Despite the rough road leading to it, this may be Orange County's most popular family hike!
Orange County California
From the mouth of Cussin Jim Smith or Holy Jim as he was renamed by tightlaced government surveyors who mapped the canyon in the early 1900s, nature heard profanity here.
After robbing beehives here in 1907, the last wild California Grizzly, an old bear named the honey thief, was killed at the mouth of Trabuco Canyon. This is just another bit of history that marks the place.

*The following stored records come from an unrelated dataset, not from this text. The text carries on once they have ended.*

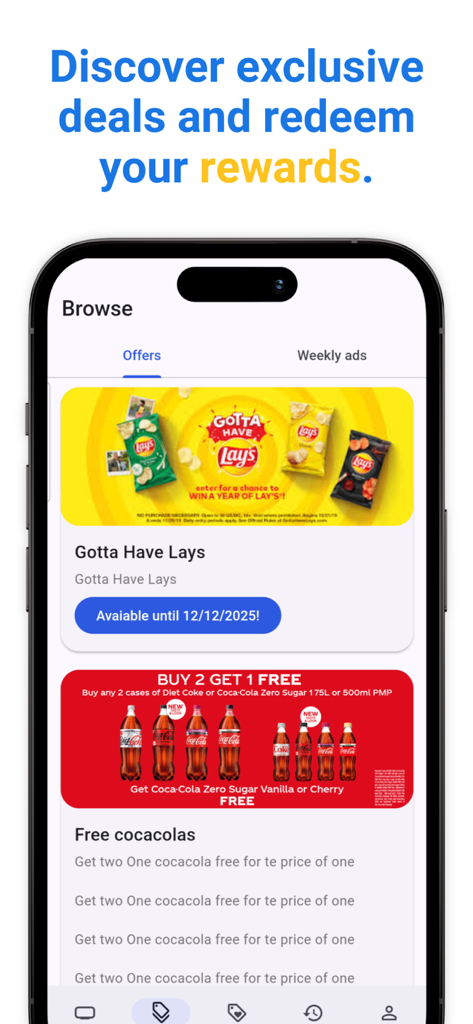 Super Value FS - Super Value FS app interface showing exclusive grocery offers for Lays and Coca-Cola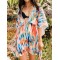 Colorful Gradient Bat Sleeves Belted Cover-Ups Tops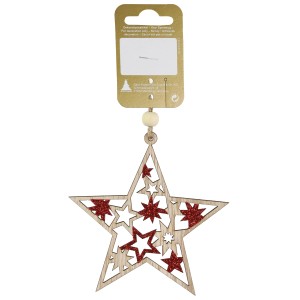 Holzstern mit rotem Glitter, 10,5 cm, Weihnachtsdekoration zum Hängen.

Essential to a pleasant journey are heavy winter rains. Before you reach the split where the trail to the waterfall shoots off to the right and where the main trail ascends to the Main Divide Road to the left, you will cross the stream several times and see many small cascades.
As you scramble over the last quarter of a mile to the twenty foot falls, watch for poison oak. Holy Jim Falls is a chapel in the brush!
Holy Jim Falls
Half the adventure is the road journey. Washboarding that will make you sing like a jaw harp and potholes that eat trail bikes, the road to the falls parking area has these. Flying rocks from your tires can seriously harm others, so please go no faster than twenty mph.
Get off at El Toro Road, from Interstate 5. To the point where the road forks at Cook's Corner, head north on El Toro. Take the right fork (Live Oak Canyon Road) past O'Neill Park. You will pass over Trabuco Creek, a quarter mile past Trabuco School. Onto the dirt road, make a left. This adds 840 feet in elevation and 4.45 miles to your hike, if you park here and hike in.
Most park in the Holy Jim lot, after they continue on the road for another 4.45 miles. The road is usually passable for most passenger cars, though washboarded in sections. On the left side of the parking lot, the trail ascends the canyon.
Lat:33.677, Lon:-117.5162 - Trail guides are available at the trailhead or from the Trabuco Ranger District.